Collected data:
▬▬▬

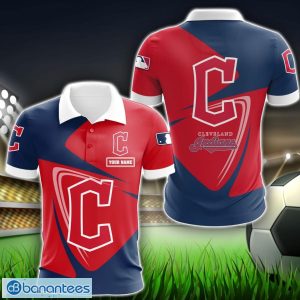 Cleveland Indians Big Logo Team 3D Polo Shirt Sport Gift For Men Women Product Photo 1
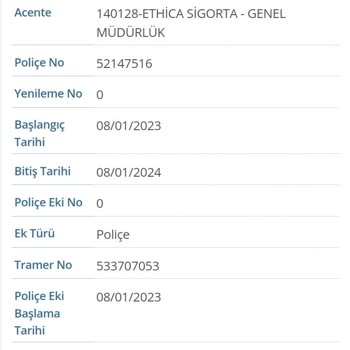 Ethica Sigorta, Sözleşme İptali Sonrası, Kalan Ödemeyi Yapmıyor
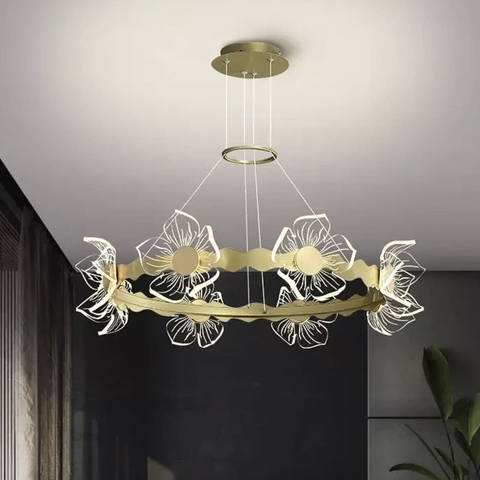Розкішна підвісна люстра з квітами в латунному корпусі Ø 75 см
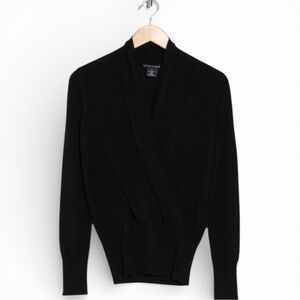 Cashmere 100% Sofia Cashmere Black Wrap Sweater Size L Luxury Knit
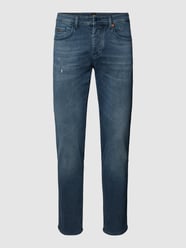 Tapered Fit Jeans im Used-Look Modell 'Taber' von BOSS Orange Blau - 22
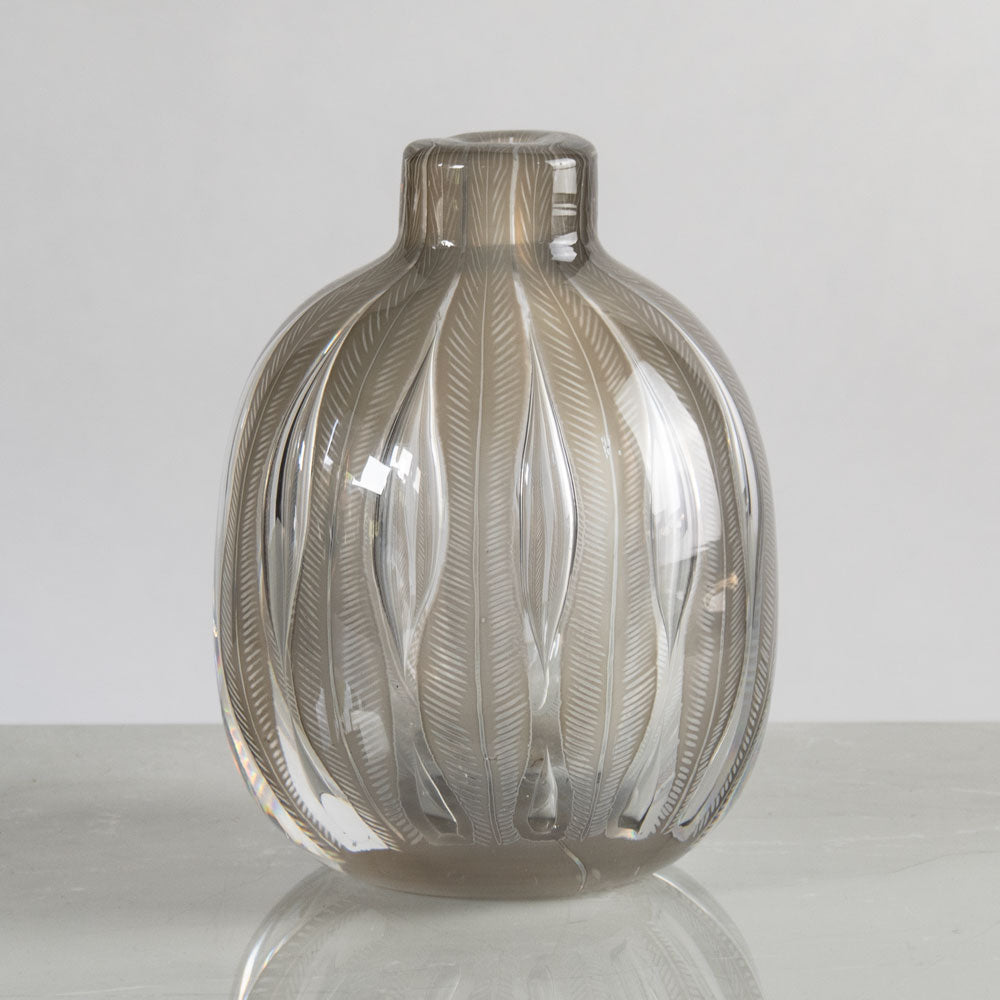 Edvin Öhrström for Orrefors, "ariel" vase in gray and clear glass K2193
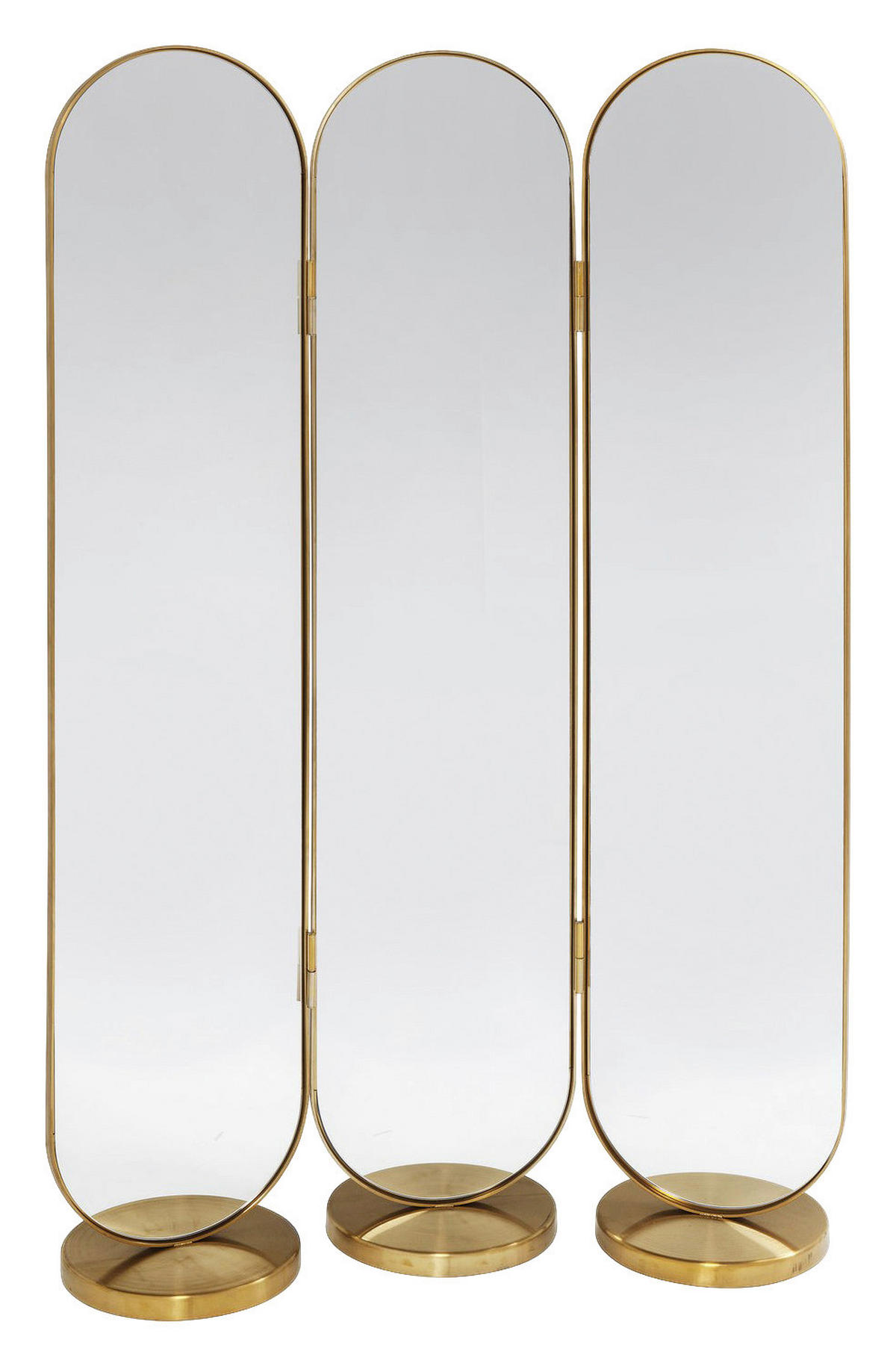 PARAVENT mit 3  Flügel - Goldfarben, Trend, Glas/Metall (106/166/31cm) - Kare-Design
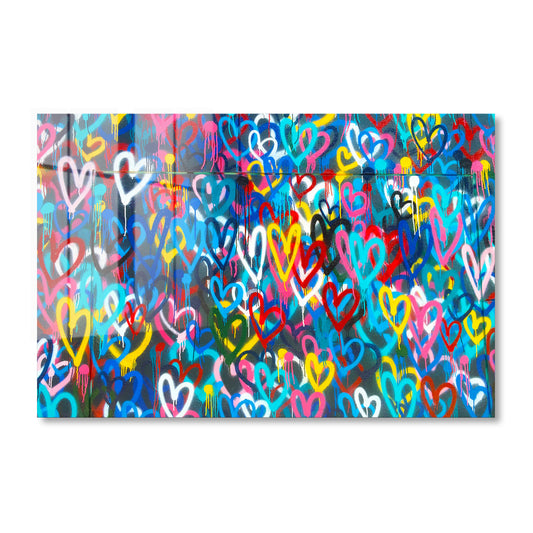 Love Hearts Graffiti Acrylic Art Print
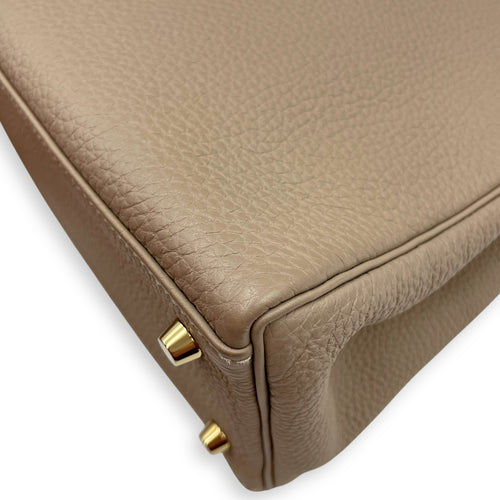 Kelly 28 Gris Tourterelle in Togo, Gold hardware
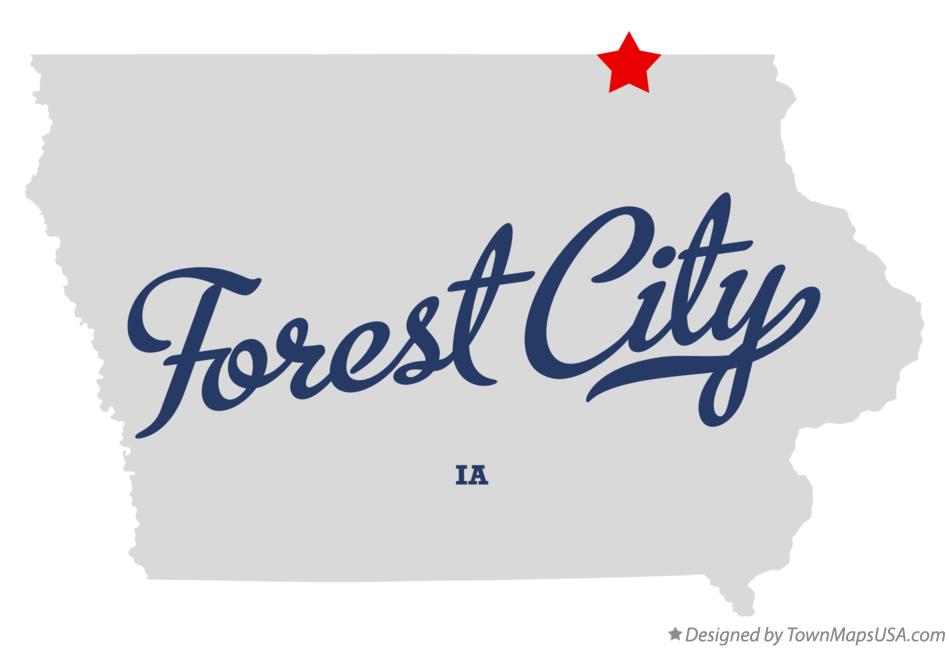 Map of Forest City Iowa IA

▬▬▬

• _Directions for this task_:
Retype, without any picture, exactly the lines from the one with "Kelly 28 Gris" through the end of the entries, inclusive.

• _Task result_:
 Kelly 28 Gris Tourterelle in Togo, Gold hardware
 Map of Forest City Iowa IA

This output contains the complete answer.